The need for Right to Information has been widely felt in all sectors of the country and this has also received judicial recognition through some landmark judgements of Indian courts.

A Supreme Court judgement delivered by Mr. Justice Mathew is considered a landmark. In his judgement in the state of UP vs. Raj Narain (1975) case, Justice Mathew rules-In a government of responsibility like ours, where all the agents of the public must be responsible for their conduct, there can be but few secrets. The people of this country have a right to know every public act, everything that is done in a public way by their public functionaries. They are entitled to know the particulars of every public transaction in all its bearing. Their right to know, which is derived from the concept of freedom of speech, though not absolute, is a factor which should make one wary when secrecy is claimed for transactions which can at any rate have no repercussion on public security. But the legislative wing of the State did not respond to it by enacting suitable legislation for protecting the right of the people.

According to Attorney General Soli Sorabjee – It was in 1982 that the right to know matured to the status of a constitutional right in the celebrated case of S P Gupta vs. Union of India (AIR) 1982 SC (149), popularly known as Judges case. Here again the claim for privilege was laid before the court by the Government of India in respect of the disclosure of certain documents. The Supreme Court by a generous interpretation of the guarantee of freedom of speech and expression elevated the right to know and the right to information to the status of a fundamental right, on the principle that certain unarticulated rights are immanent and implicit in the enumerated guarantees.

The court declared – The concept of an open government is the direct emanation from the right to know which seems to be implicit in the right of free speech and expression guaranteed under article 19 (1) (a).

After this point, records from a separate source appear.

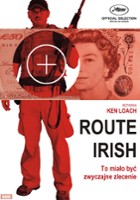 plakat filmu Route Irish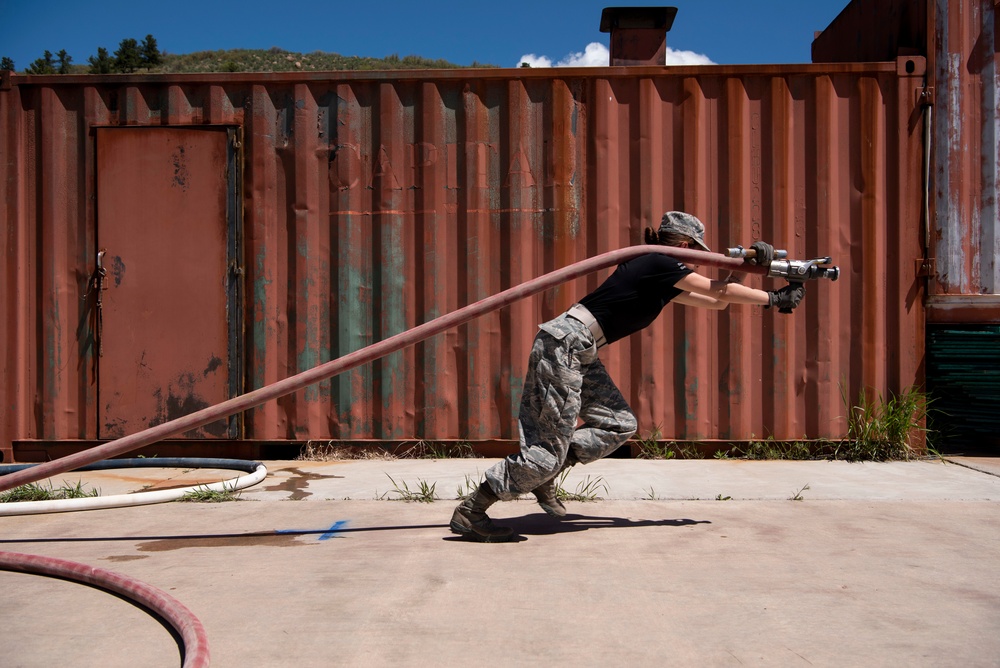 USAFA Preparatory School Dean and Commandant's Challenge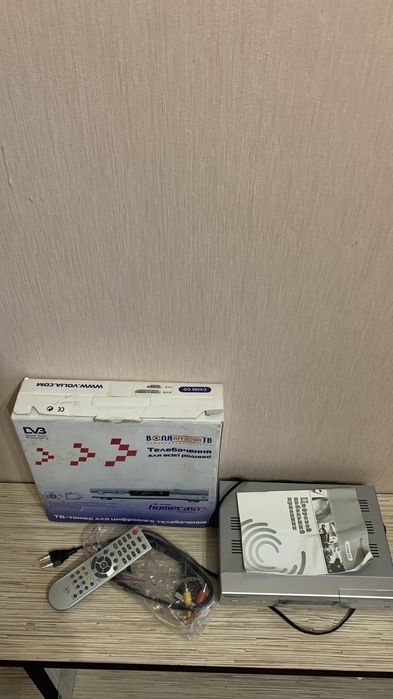 ТВ-тюнер для цифрового телебачення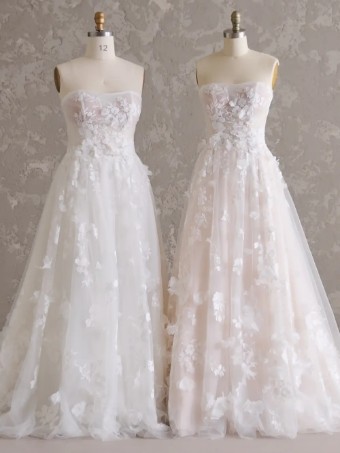 Maggie Sottero Laila #6 thumbnail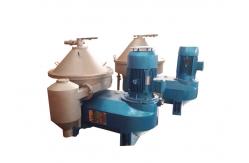 China Disc Stack Large Capacity Centrifugal Waste Oil Separator Machinery supplier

The Supreme Court of India has emphasized in the SP Gupta case (1982) that open Government is the new democratic culture of an open society towards which every liberal democracy is moving and our country should be no exception. In a country like India which is committed to socialistic pattern of society, right to know becomes a necessity for the poor, ignorant and illiterate masses.

In 1986, the Bombay High Court followed the SP Gupta judgement in the well-known case Bombay Environmental Group and others vs. Pune Cantonment Board.

The Bombay High Court distinguished between the ordinary citizen looking for information and groups of social activists. This was considered a landmark judgment concerning access to information.

There are various states in India like Maharashtra etc which have adopted this right to information and they follow a simple clear cut laid out guidelines in order to secure the right to information to their citizens. One of the most fundamental aspect that this legislation should contain is that there needs to an utmost level of transparency, the government, if enacts this legislation it should not be full of conditions and ambiguity because that instead of bringing about the level of trust and faith in the public exchequer will instead create a sense of insecurity in the public. The government is free to decide as to what all avenues are not to be disclosed and accordingly in the short title of the said act, this must be made clear. The act must not be full of the “ifs” and the “buts” and nor it should have a condition allotted with every sub-clause. The act should be made keeping in the mind the mental framework of the public and also it should be made in order to cater to the public to secure its trust in the government agencies.

Thus all that can be said about this right of securing the right to information is that it is a very necessary legislation and the government must enact this legislation in order to secure the high levels of transparency in the affairs of the government and realize and give the true meaning of the word democracy.